→ **EXERCISE AIM**: Restate word for word the lines below from the one that has "Volkswagen TIGUAN 1.5" through the one that has "杜卡迪748冠军周期：定制赛道准备", keeping both and dropping all pictures.

→ **EXCERPTED RECORDS**:
┄┄┄┄┄┄┄┄┄┄┄┄┄┄┄┄┄┄┄┄
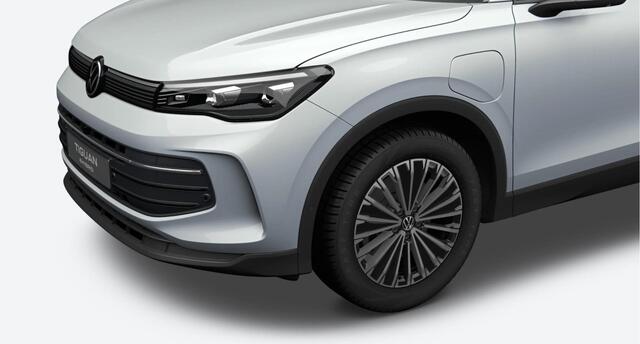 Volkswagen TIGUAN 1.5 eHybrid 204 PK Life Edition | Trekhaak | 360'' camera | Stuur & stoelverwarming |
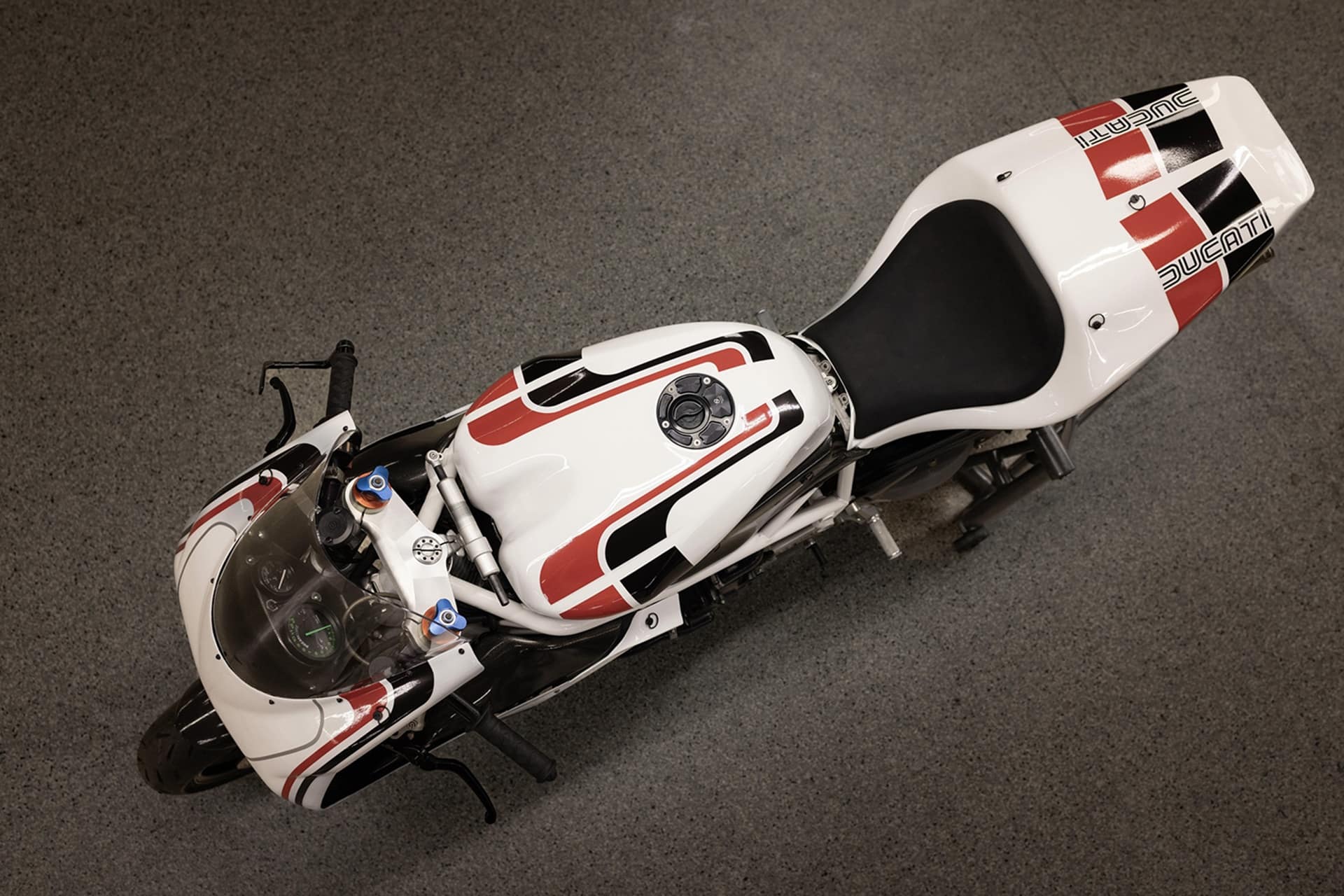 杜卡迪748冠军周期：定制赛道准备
┄┄┄┄┄┄┄┄┄┄┄┄┄┄┄┄┄┄┄┄
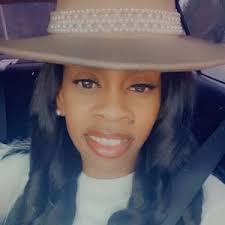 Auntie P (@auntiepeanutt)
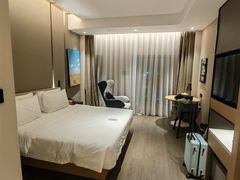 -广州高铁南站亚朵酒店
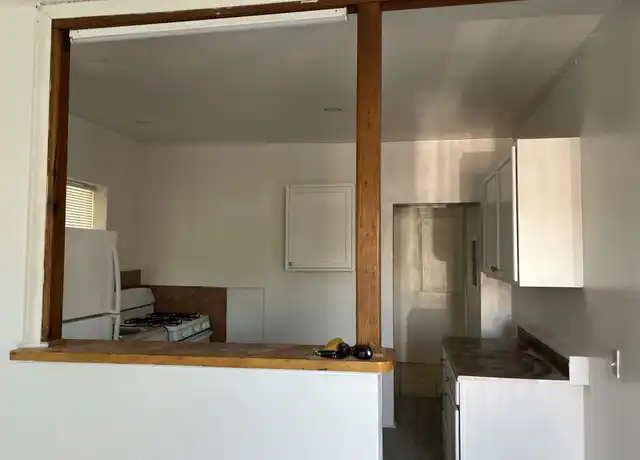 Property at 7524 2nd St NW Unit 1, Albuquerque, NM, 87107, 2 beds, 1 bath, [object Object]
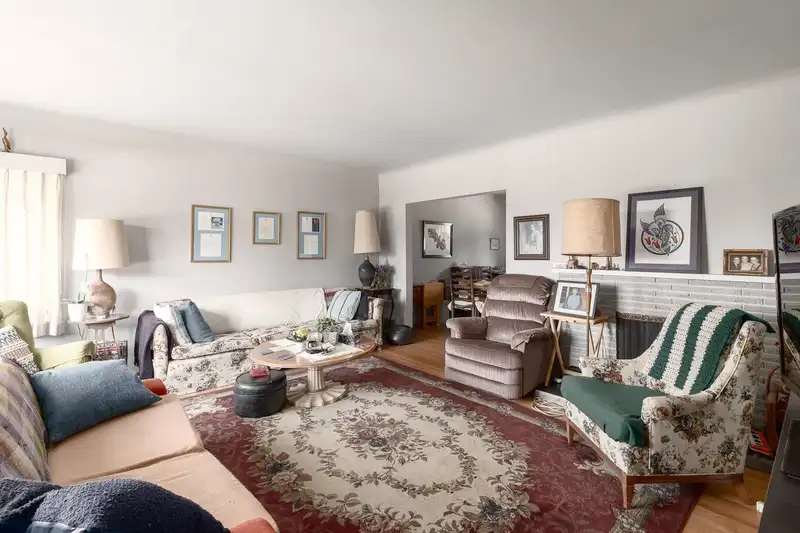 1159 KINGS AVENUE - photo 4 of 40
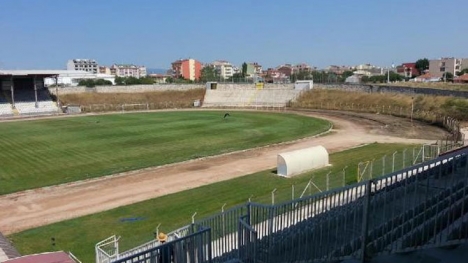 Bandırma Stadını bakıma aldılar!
┄┄┄┄┄┄┄┄┄┄┄┄┄┄┄┄┄┄┄┄
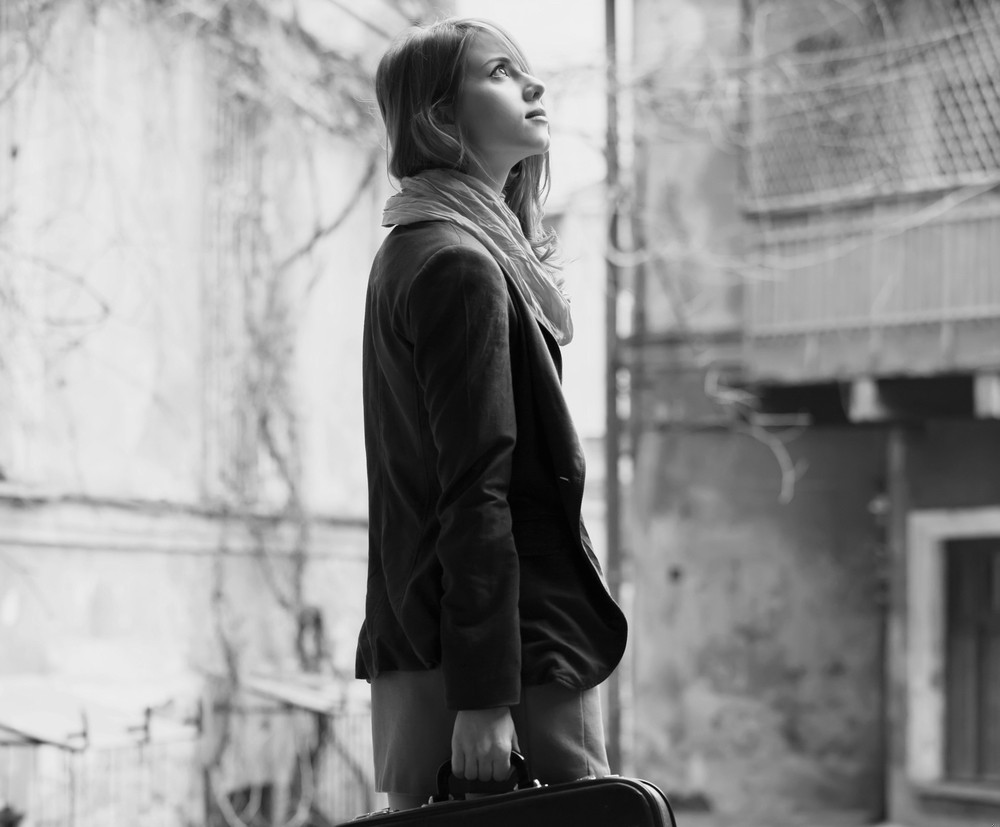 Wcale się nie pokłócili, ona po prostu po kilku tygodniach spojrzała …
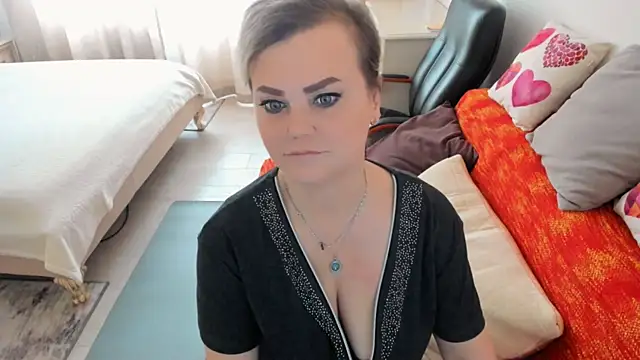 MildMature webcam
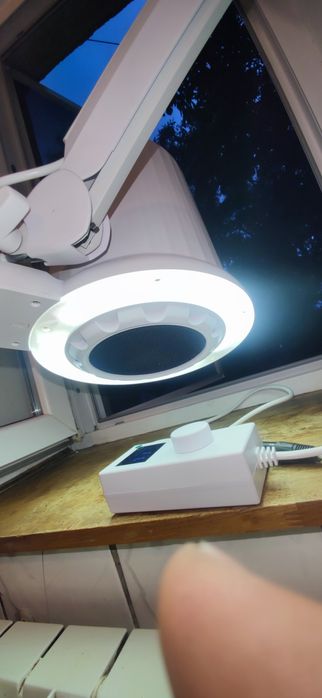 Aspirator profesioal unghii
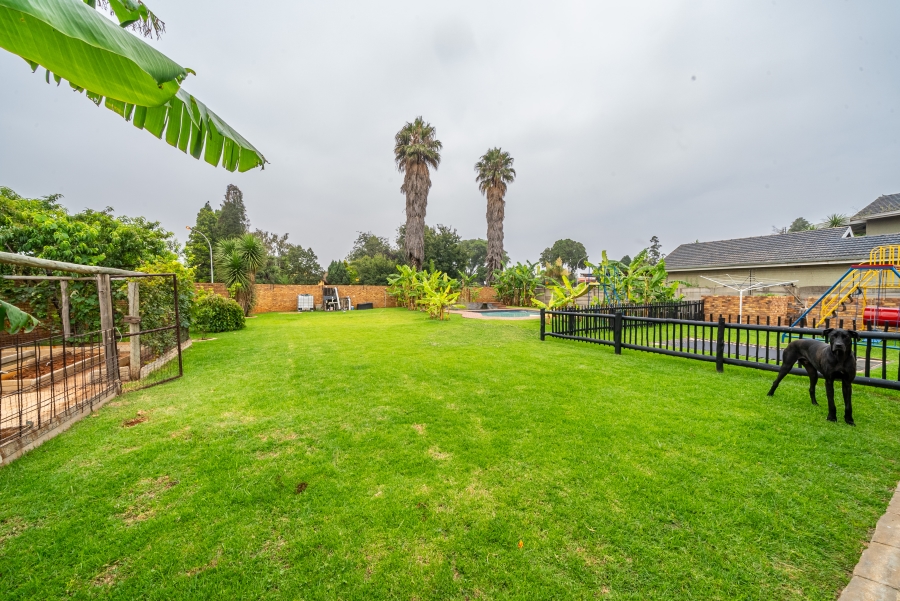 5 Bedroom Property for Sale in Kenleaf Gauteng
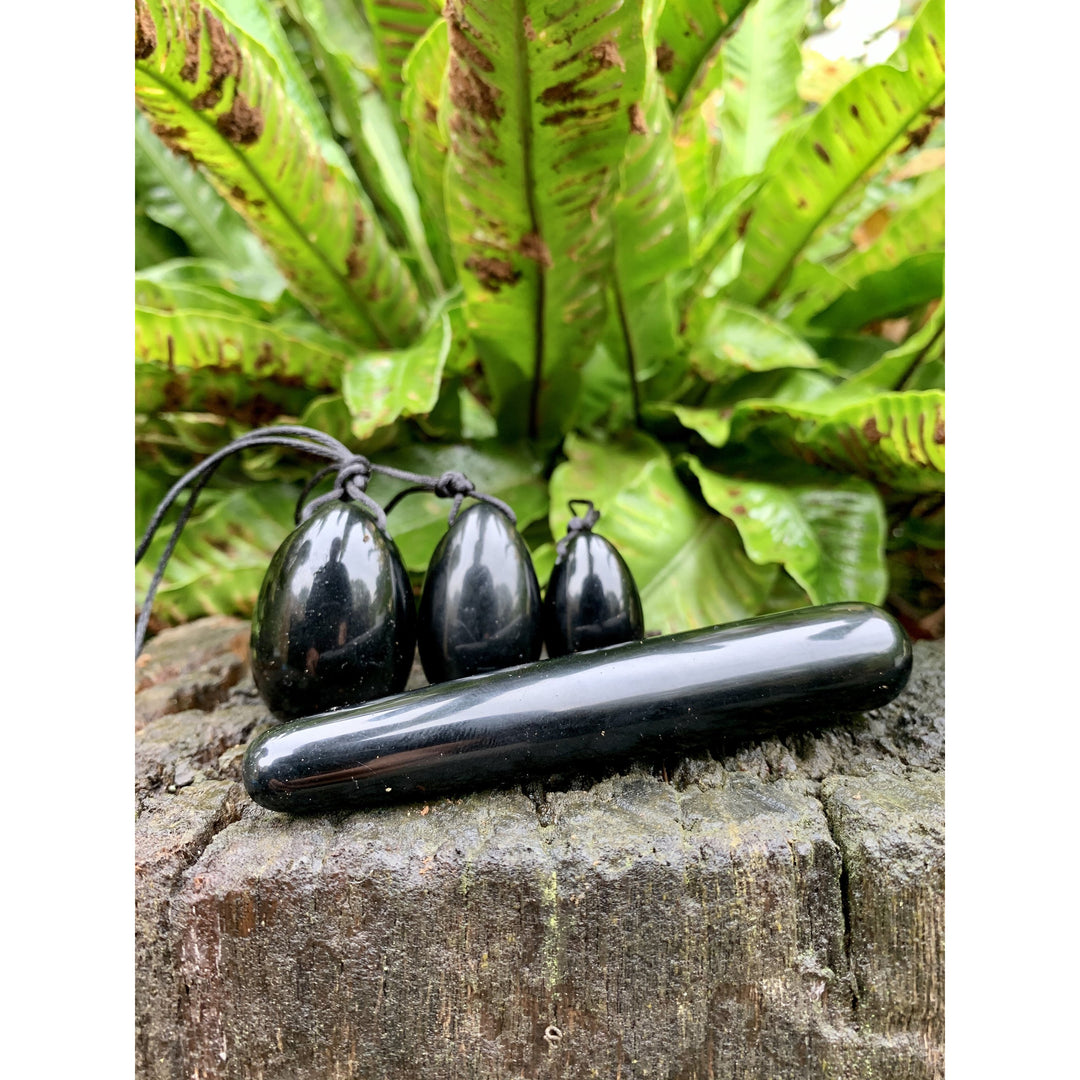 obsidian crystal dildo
┄┄┄┄┄┄┄┄┄┄┄┄┄┄┄┄┄┄┄┄
→ **OUTPUT FOR THIS TASK**:
 Volkswagen TIGUAN 1.5 eHybrid 204 PK Life Edition | Trekhaak | 360'' camera | Stuur & stoelverwarming |
 杜卡迪748冠军周期：定制赛道准备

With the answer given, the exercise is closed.